TASK STATEMENT >> For the data below, transcribe the part that opens with the line containing "Paton Samsung A53" and closes with the line containing "An inquiry into", exactly and with no pictures.

EXCERPTED RECORDS >>
# # # #
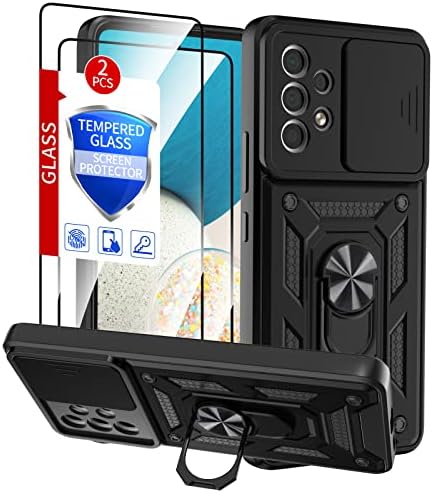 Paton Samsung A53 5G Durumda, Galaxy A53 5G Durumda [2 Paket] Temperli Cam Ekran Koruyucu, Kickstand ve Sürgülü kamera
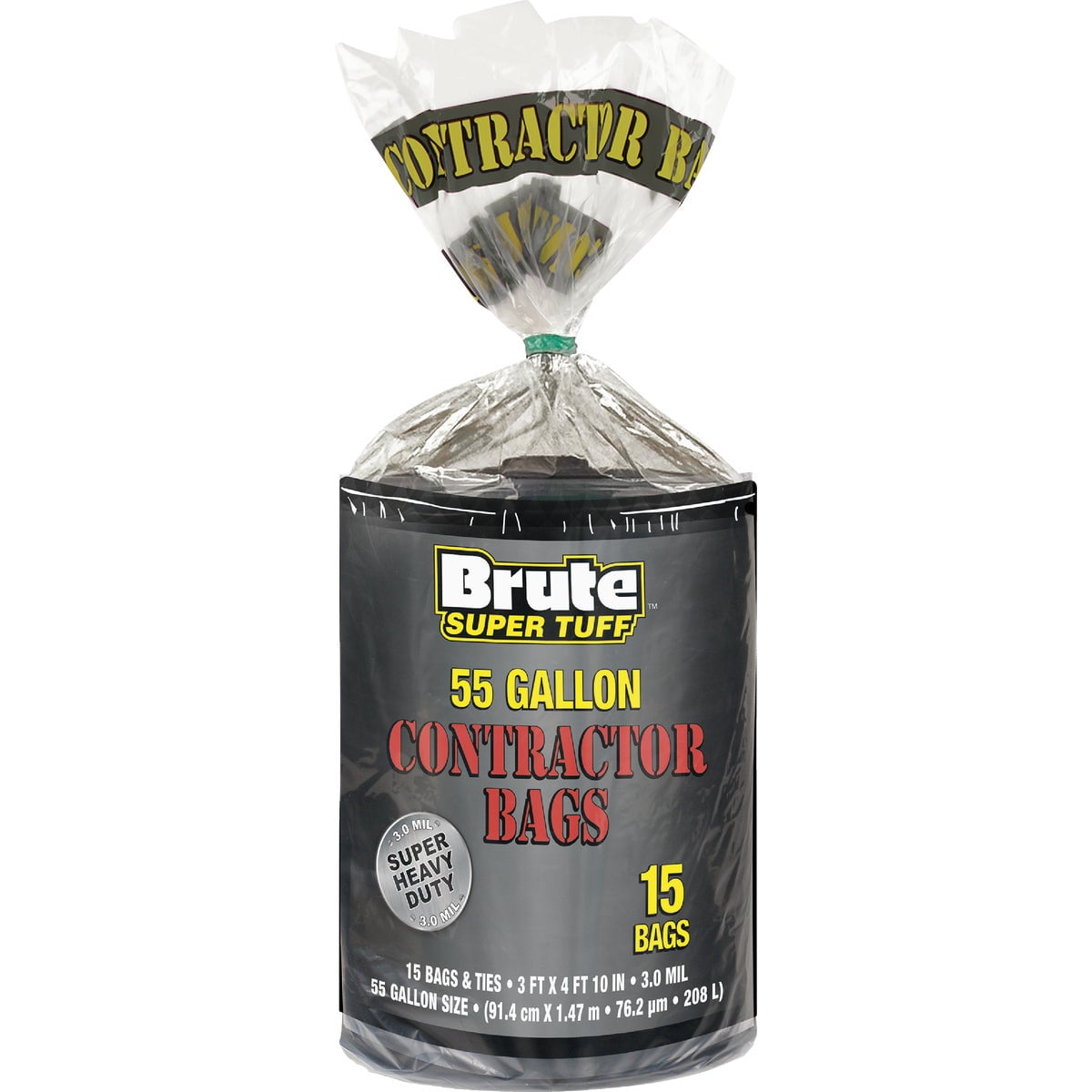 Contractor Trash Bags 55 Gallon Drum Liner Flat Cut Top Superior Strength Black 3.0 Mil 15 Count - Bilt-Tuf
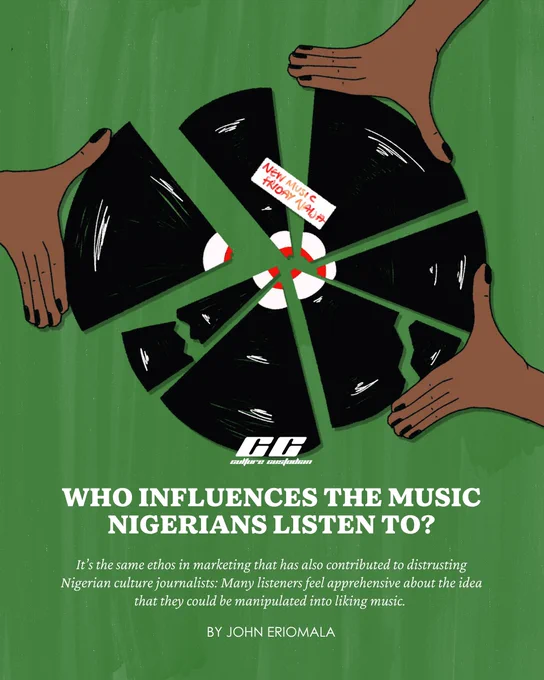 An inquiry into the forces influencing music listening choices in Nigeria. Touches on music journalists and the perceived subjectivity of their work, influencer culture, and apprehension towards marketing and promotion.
# # # #
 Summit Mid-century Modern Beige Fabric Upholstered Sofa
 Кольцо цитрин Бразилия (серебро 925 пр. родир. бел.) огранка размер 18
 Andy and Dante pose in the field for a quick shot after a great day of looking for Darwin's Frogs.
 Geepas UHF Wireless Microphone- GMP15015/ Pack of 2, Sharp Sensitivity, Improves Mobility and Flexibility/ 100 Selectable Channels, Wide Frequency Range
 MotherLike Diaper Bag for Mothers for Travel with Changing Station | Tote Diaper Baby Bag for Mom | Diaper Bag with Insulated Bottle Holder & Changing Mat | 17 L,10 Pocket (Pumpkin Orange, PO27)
# # # #
RESULT OF THE EXERCISE >>
 Paton Samsung A53 5G Durumda, Galaxy A53 5G Durumda [2 Paket] Temperli Cam Ekran Koruyucu, Kickstand ve Sürgülü kamera
 Contractor Trash Bags 55 Gallon Drum Liner Flat Cut Top Superior Strength Black 3.0 Mil 15 Count - Bilt-Tuf
 An inquiry into the forces influencing music listening choices in Nigeria. Touches on music journalists and the perceived subjectivity of their work, influencer culture, and apprehension towards marketing and promotion.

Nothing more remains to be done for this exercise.